D’altronde, in caso di fallimento della cattura della cometa e sua messa a valore, per i ricchi e i potenti è riservato un biglietto per il paradiso, una via di fuga extraterrestre ed esclusiva su un nuovo pianeta dove ricominciare da capo. Senza tuttavia cambiare niente. Una mentalità “da fortezza” su cui negli ultimi decenni il cinema distopico ha giocato più volte, che divide i ricchi dai poveri e alza muri, sublimando l’intensificarsi di disuguaglianze e flussi migratori, alimentati dagli stessi cambiamenti climatici. Esattamente come nell’attico lussuoso di Valentina (Monica Bellucci) in Siccità, dove la diva e il paladino televisivo del risparmio, l’idrologo professor Del Vecchio (Diego Ribon), si concedono di riempire una jacuzzi per brindare ottimisticamente al futuro innalzamento del livello del mare («Ho sempre adorato Venezia!»).

Fa da sfondo sia a Siccità che a Don’t Look Up lo spettro dei momenti più bui della (perdurante) pandemia di COVID-19, con riferimenti a mascherine luride recuperate in fretta dal portaoggetti e gli ospedali al collasso in Siccità e al prezzo di cure “alternative” schizzate alle stelle in Don’t Look Up (quanto costa una pala?). Ma soprattutto a quello che il COVID-19 ci ha insegnato: che gli stati e i leader sono deboli, miopi e confusi, oggetto di facile “cattura” da parte di gruppi industriali di dimensioni senza precedenti e di mercati finanziari senza controllo, che l’informazione e la divulgazione scientifica non funzionano, che il dibattito pubblico è asservito a numero di like e al ritmo dei cicli elettorali.

Netflix vs. Amazon

Con Don’t Look Up Mckay torna così alla critica spietata della contemporaneità stancamente neoliberista dopo The Big Short (La Grande Scommessa), denuncia del marciume alle radici della crisi finanziaria del 2007-2008. Lo fa, in parte paradossalmente, con una produzione Netflix, gigante dell’intrattenimento 2.0 e stella (in declino) dell’ultimo grande sussulto del capitalismo digitale. Allo stesso modo, dietro a Siccità ci sono anche le lunghe dita di Amazon Prime. Non esattamente produzioni indipendenti, eppure entrambe colgono nel segno. Si tratta forse dell’ennesima incorporazione da parte del sistema della sua stessa critica?
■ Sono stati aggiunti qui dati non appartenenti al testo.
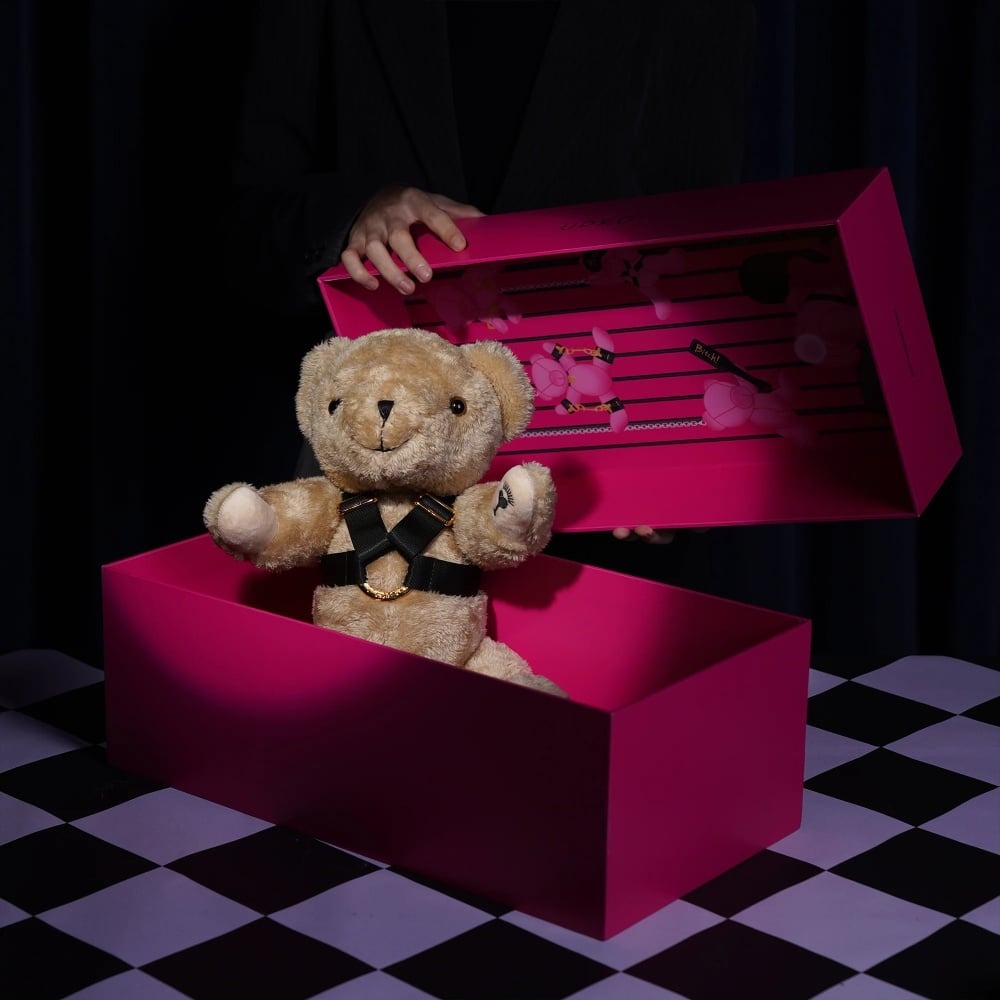 Подарунковий набір UPKO Bear With Me Limited Gift Set"Плюшевий ведмідь в портупеї" Подарунковий набір UPKO Bear With Me Limited Gift Set"Плюшевий ведмідь в портупеї"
O forse, nell’inerzia miope della macchina capitalistica contemporanea, che sembra gettarsi senza criterio nel disastro ambientale e sociale, i meccanismi di mercato non permettono nemmeno di filtrare i prodotti più scomodi sotto la pressione del guadagno che porteranno? Forse, più banalmente, la difficoltà di immaginare un’alternativa non tanto al capitalismo in sé, quanto anche soltanto al modello capitalistico contemporaneo (il «realismo capitalista» fisheriano su cui giocano entrambe le opere), fa apparire la critica così velleitaria che non appare sensato nemmeno preoccuparsene. In ogni caso, sia la stanca inerzia provinciale della politica italiana, sia il dinamismo imprenditoriale statunitense trovano nelle due rappresentazioni filmiche lo stesso punto di incontro: la catastrofe, sebbene addolcita dai buoni sentimenti (i protagonisti di Don’t Look Up si abbandonano teneramente ad una cena familiare prima di essere spazzati via, Siccità chiude con una provvidenziale pioggia che accompagna alcune riconciliazioni e realizzazioni personali). Entrambi i film criticano l’ingerenza dell’interesse privato e delle grandi corporations nella gestione dell’emergenza climatica, in ogni caso ampiamente insufficiente, denunciando il grado di influenza che il potere economico può vantare su quello politico dopo decenni di politiche neoliberiste. Nessuno dei due film mostra una via d’uscita collettiva dalla catastrofe, ma soltanto meccanismi di coping o, al più, una sorta di ascesi intimista nella sventura e perdita di senso. È forse arrivato il momento propizio per volgere la critica distopica della società tardo neoliberista in una sua versione utopica.